Our findings suggest that TCD waveform blunting in the MCA as here described may be an additional risk factor in the setting of severe extracranial carotid artery stenosis. A prospectively designed study to confirm our results seems warranted.

摘要

目的

探讨重度(80 - 99%)有症状或无症状颅外颈动脉狭窄患者经颅多普勒(TCD)波形变钝的频率。

背景

重度颈动脉狭窄已被确定为缺血性卒中的危险因素。大脑中动脉(MCA)多普勒血流波形变钝(收缩期血流速度和搏动性降低)被推断反映血流动力学损害,可能提示卒中风险增加。

方法

对114例经双功超声检查确定颅外颈内动脉(ICA)狭窄80 - 99%的连续患者(平均年龄72.4岁,标准差9.0岁;37%为女性;46例有临床症状,68例无症状)进行TCD检查。
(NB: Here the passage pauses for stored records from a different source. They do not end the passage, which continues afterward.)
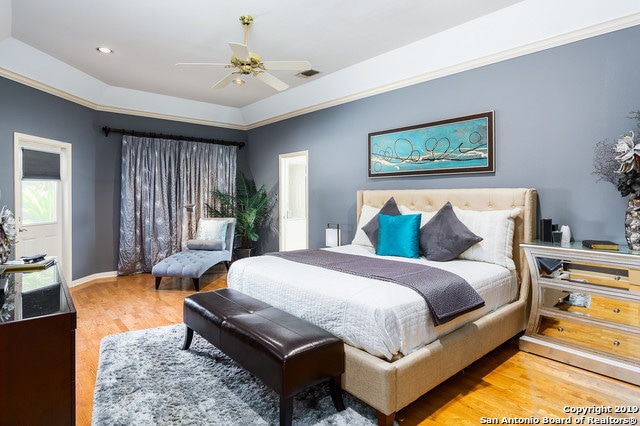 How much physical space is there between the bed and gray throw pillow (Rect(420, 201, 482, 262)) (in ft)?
0.33

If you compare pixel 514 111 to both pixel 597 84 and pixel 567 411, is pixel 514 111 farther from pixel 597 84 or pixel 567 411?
pixel 567 411

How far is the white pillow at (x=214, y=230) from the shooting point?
18.2 ft

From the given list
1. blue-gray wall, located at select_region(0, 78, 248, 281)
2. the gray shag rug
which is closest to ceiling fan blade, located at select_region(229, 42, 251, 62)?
the gray shag rug

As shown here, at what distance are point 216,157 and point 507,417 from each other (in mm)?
5782

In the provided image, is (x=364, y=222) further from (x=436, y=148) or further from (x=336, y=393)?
(x=336, y=393)

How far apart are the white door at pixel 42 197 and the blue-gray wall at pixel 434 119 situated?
0.12 m

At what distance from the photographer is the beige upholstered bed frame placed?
186 cm

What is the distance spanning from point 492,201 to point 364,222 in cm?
142

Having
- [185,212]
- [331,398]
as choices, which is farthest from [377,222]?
[185,212]

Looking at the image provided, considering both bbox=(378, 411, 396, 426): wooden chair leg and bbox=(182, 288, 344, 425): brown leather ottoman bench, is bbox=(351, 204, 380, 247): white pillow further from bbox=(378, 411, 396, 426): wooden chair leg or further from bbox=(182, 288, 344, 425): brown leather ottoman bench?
bbox=(378, 411, 396, 426): wooden chair leg

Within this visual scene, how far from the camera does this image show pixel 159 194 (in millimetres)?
5789

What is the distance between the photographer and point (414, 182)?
162 inches

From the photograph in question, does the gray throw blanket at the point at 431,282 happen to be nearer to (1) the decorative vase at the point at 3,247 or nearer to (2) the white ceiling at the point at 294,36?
(1) the decorative vase at the point at 3,247

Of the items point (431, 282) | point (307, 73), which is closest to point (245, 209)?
point (307, 73) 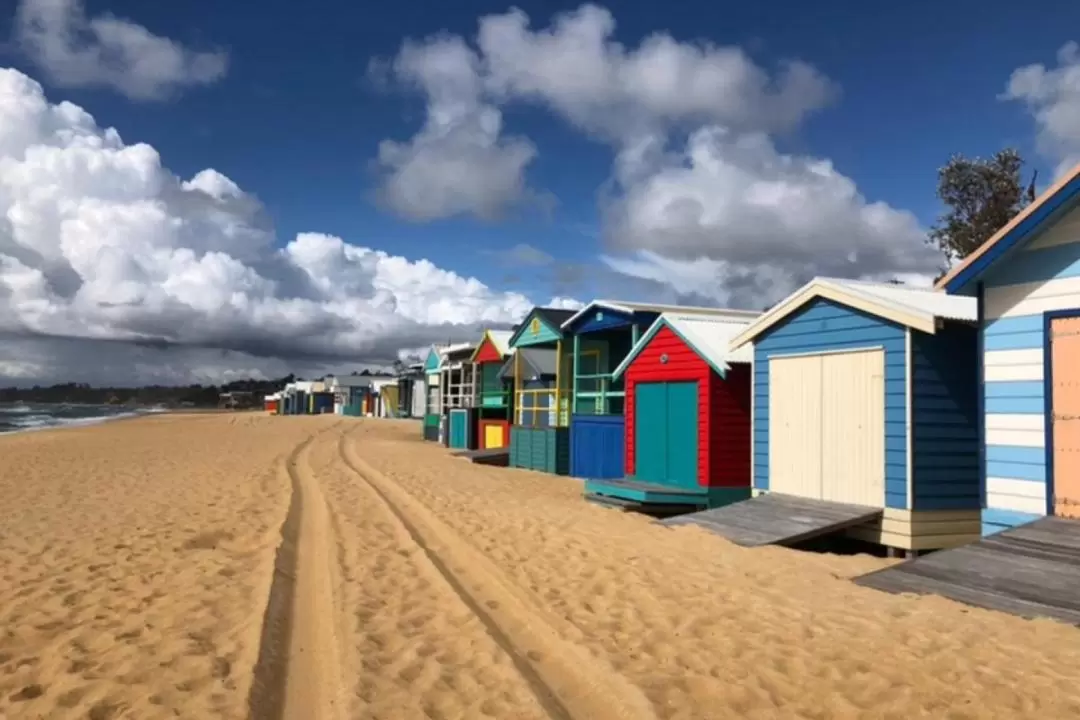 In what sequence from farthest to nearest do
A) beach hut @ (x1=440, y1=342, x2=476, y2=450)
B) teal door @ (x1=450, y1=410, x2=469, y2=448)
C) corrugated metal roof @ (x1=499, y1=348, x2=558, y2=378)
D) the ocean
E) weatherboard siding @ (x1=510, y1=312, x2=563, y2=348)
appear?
1. the ocean
2. teal door @ (x1=450, y1=410, x2=469, y2=448)
3. beach hut @ (x1=440, y1=342, x2=476, y2=450)
4. corrugated metal roof @ (x1=499, y1=348, x2=558, y2=378)
5. weatherboard siding @ (x1=510, y1=312, x2=563, y2=348)

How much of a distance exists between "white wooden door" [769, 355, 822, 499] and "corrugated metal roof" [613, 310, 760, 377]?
118 cm

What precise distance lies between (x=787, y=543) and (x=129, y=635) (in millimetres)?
7163

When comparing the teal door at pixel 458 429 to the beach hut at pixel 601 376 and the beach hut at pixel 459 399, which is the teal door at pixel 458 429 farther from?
the beach hut at pixel 601 376

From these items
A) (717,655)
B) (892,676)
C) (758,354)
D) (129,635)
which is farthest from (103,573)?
(758,354)

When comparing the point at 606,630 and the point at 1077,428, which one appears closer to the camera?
the point at 606,630

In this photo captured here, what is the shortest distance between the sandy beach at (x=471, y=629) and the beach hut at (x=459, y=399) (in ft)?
54.3

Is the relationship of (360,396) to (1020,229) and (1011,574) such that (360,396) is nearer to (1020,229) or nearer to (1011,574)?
(1020,229)

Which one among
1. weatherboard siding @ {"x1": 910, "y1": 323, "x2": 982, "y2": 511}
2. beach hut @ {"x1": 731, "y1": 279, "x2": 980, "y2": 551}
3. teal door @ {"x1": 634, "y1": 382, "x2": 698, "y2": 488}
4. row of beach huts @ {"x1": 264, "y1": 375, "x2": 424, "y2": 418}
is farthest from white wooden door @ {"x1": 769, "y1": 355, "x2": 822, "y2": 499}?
row of beach huts @ {"x1": 264, "y1": 375, "x2": 424, "y2": 418}

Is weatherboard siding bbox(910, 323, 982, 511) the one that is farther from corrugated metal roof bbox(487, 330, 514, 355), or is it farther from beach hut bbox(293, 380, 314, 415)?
beach hut bbox(293, 380, 314, 415)

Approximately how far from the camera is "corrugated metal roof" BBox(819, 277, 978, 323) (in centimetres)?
980

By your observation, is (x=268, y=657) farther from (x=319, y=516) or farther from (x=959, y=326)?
(x=959, y=326)

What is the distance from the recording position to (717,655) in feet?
18.1

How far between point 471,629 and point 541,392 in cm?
1578

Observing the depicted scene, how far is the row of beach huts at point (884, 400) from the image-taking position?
27.2 ft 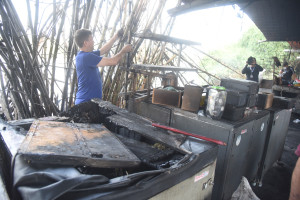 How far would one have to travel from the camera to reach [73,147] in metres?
1.06

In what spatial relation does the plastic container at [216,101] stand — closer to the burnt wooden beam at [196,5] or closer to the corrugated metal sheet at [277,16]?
the burnt wooden beam at [196,5]

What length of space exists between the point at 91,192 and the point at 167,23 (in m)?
3.86

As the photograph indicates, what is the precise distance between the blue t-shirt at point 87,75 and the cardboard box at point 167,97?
35.3 inches

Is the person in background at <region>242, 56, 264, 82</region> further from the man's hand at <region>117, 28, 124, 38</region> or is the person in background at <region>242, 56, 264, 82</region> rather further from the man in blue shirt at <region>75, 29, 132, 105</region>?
the man in blue shirt at <region>75, 29, 132, 105</region>

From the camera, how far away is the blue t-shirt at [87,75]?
253cm

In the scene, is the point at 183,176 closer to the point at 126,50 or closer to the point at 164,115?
the point at 164,115

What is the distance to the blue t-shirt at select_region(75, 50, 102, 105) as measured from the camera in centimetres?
253

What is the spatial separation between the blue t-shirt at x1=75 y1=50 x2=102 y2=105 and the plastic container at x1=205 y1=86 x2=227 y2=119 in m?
1.40

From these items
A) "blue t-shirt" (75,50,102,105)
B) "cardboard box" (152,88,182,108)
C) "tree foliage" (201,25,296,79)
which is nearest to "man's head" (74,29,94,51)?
"blue t-shirt" (75,50,102,105)

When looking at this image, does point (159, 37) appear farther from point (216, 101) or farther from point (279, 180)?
point (279, 180)

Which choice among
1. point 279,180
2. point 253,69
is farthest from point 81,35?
point 253,69

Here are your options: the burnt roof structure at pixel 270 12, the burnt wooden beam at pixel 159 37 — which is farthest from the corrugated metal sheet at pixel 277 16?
the burnt wooden beam at pixel 159 37

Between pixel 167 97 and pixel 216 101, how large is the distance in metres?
0.49

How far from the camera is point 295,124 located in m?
5.76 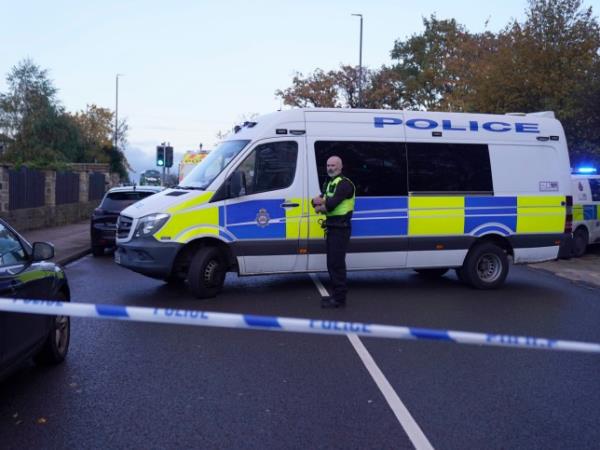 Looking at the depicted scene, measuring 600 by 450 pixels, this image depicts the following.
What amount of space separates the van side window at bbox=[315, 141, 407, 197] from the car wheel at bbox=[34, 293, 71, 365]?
4.47m

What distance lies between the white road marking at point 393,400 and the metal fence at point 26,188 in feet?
45.3

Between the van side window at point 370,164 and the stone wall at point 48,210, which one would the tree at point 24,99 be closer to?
the stone wall at point 48,210

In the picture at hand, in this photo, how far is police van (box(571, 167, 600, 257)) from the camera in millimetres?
15039

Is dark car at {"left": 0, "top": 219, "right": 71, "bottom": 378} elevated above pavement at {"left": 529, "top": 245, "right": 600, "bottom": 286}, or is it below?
above

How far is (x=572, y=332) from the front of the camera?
7.28m

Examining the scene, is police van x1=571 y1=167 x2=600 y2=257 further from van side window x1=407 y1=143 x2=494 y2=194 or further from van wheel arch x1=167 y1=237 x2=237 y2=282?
van wheel arch x1=167 y1=237 x2=237 y2=282

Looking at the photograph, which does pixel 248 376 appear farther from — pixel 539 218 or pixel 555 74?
pixel 555 74

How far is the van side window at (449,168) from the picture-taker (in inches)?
387

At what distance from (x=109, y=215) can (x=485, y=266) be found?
808cm

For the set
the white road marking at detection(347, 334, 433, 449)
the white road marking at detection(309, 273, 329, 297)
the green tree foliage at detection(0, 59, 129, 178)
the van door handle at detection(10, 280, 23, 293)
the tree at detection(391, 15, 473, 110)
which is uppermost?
the tree at detection(391, 15, 473, 110)

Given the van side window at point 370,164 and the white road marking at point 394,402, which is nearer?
the white road marking at point 394,402

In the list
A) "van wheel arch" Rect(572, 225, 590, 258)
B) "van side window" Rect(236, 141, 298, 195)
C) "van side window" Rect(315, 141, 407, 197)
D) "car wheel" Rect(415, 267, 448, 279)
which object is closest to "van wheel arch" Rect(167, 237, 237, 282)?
"van side window" Rect(236, 141, 298, 195)

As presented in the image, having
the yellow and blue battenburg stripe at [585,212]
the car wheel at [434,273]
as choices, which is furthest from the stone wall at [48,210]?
the yellow and blue battenburg stripe at [585,212]

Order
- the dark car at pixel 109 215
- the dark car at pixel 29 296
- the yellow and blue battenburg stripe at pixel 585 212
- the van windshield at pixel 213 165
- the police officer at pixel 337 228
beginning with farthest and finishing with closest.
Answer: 1. the yellow and blue battenburg stripe at pixel 585 212
2. the dark car at pixel 109 215
3. the van windshield at pixel 213 165
4. the police officer at pixel 337 228
5. the dark car at pixel 29 296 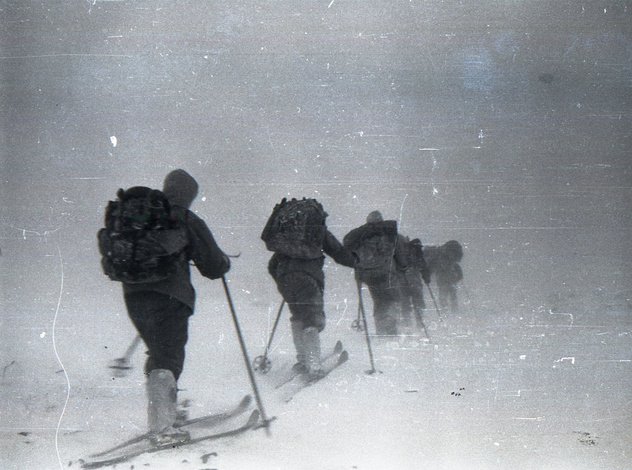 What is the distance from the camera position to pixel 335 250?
1.47 metres

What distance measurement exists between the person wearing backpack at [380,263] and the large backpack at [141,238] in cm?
47

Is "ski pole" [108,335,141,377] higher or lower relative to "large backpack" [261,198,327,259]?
lower

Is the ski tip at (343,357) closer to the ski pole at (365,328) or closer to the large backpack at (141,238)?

在不了解ICA临床状况的情况下,评估ICA狭窄远端MCA的血流速度、搏动指数和频谱波形:多普勒波形变钝定义为特征性收缩峰消失。采用95%置信区间的比值比和卡方统计量来描述波形变钝与ICA狭窄症状状态之间的关联。

结果

在有症状的患者中,23例(50%)有过卒中,另外23例(50%)在狭窄ICA供血区域有短暂神经功能缺损。有症状患者中37例(80%,95%置信区间68 - 92%)出现频谱波形变钝,无症状患者中25例(37%;95%置信区间25 - 49%)出现频谱波形变钝。有症状患者TCD波形变钝的几率显著增加(比值比7.5,95%置信区间3.1 - 18.1,p < 0.001)。

结论

我们的研究结果表明,本文所述的MCA中TCD波形变钝可能是重度颅外颈动脉狭窄情况下的一个额外危险因素。一项前瞻性设计的研究以证实我们的结果似乎是必要的。